6. APPLICATIONS OF COASTAL ALTIMETRY
Some of the uses of coastal altimetry have already been
mentioned, and current and future applications have also
been indicated by the user community in a recent survey
carried out by PISTACH and COASTALT. At the most
general level, we can say that the SSH, wave and wind
information about the coastal and shelf region can help
monitoring surges, long term coastal sea level
variations, erosion and sediment transport studies, ship
routing, fisheries, search and rescue, and the movement
of hazardous spills, pollutants and harmful algae
blooms. Here we provide more details on the full range
of possible applications, illustrating them with examples
where possible.
6.1. Sea Level and Tides
The quintessential most immediate application of
coastal altimetry is to monitor coastal sea level. This has
three interrelated aspects: short term sea level variations
(leading to monitoring of surges), long-term sea level
change due to climate change, and tides.
A good example of a statistical model which combines
satellite and tide gauge observations through a
multivariate regression analysis is the one set up to
study the near real time SSH variability in the North Sea
and Baltic Sea, with focus on storm surges in coastal
regions [15]. The model has been run for test cases
(Fig. 2) and shows a performance comparable to state-
of-the-art hydrodynamic models when estimating the
near real time SSH. It is planned to implement it
operationally for real-time storm surge predictions,
including Jason-2 observations.
This type of modelling will greatly benefit from quality-
controlled coastal altimetry, because it will allow
resolving near coastal processes. For the North Sea area
this is particularly important, as the SSH signals tend to
travel as Kelvin waves along the coast, with
exponentially decreasing amplitude away from the
coast. For island filled areas, such as the Inner Danish
Waters, a high return of good quality data is essential
for the use of the satellite altimetry. Even if one
considers the difficulties of assimilation (getting good
quality near-real time data, determining covariances,
handling the space-time sampling) which might hamper
the full adoption of coastal altimetry for near-real time
surge studies, the new products should at least provide
an independent data set that can be used for offline
surge model validation, in combination with an accurate
coastal tide model.
Figure 2. An example of the model performance for the
storm surge of December 7, 2003 in the Inner Danish
Waters. The dots indicate the predictions of the
statistical model. Observations from tide gauges used in
the model are marked by circles, observations from tide
gauges not used in the model are marked by squares,
and can be used for model validation.
A long record of quality-controlled coastal data is also
of great value at a time of increasing focus on mean sea
level (MSL) and the impact of sea level change. A high
quality global coastal dataset will allow for local sea
level trend determination. There are two particular
instances in which MSL studies could benefit from
coastal altimetry. One is where there are coastal
dynamical effects resulting in different signatures of
MSL variability and trends at the coast and farther
offshore. The availability of altimetry closer to the coast
will provide data sets with which to connect the coastal
tide gauge data to the offshore altimeter data. Another
application is in altimeter calibration by means of tide
gauges, an important method used to calibrate
TOPEX/Poseidon, Jason-1 and -2 and ESA missions.

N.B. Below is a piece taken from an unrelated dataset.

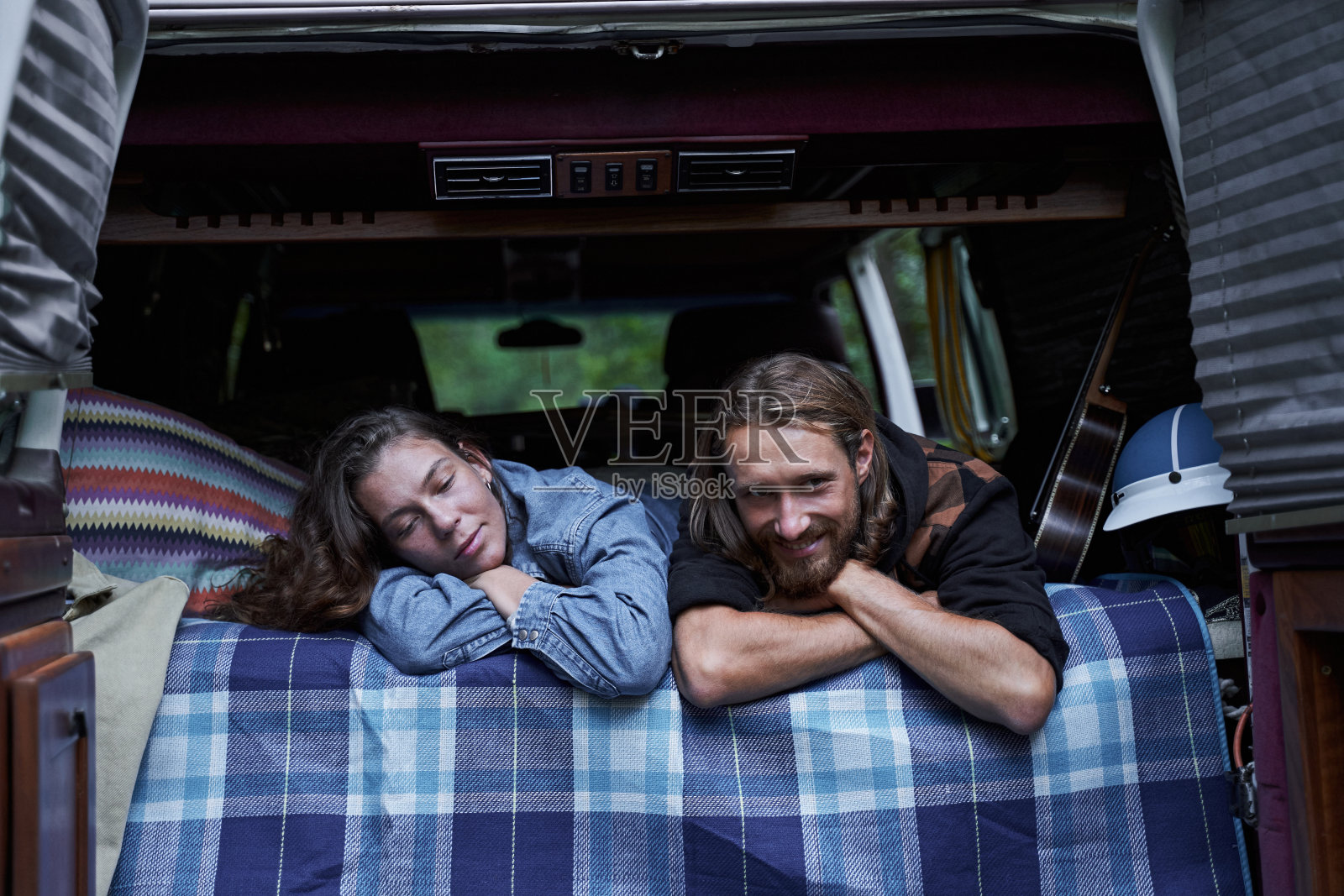 一对夫妇趴着照片摄影图片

By providing data closer to the gauge, concerns about
tidal and other variability in the intervening distance
from ground track to tide gauge will be reduced, as this
variability can be better estimated.
The liaison between altimetry and tidal science is a
good example of give and take; if on one side altimetry
is calibrated with tide gauges, on the other it provides
crucial data for tidal models. Reference [16] describe
well the difficulties in deriving accurate coastal tide
models given the present space-time sampling of
altimetry, but with the new coastal altimetry products,
the next generation of altimeters (including delay-
Doppler and wide swath instruments) and advanced
assimilation techniques, significant improvements in
coastal models will be possible. A key role that coastal
IOOS may play to aid coastal altimetry would be in the
deployment of a limited number of long-time series
bottom pressure measurements along the shelf. These
data would support the refinement of shallow sea and
coastal margin tidal models, making it possible to more
accurately de-tide the coastal altimeter SSH.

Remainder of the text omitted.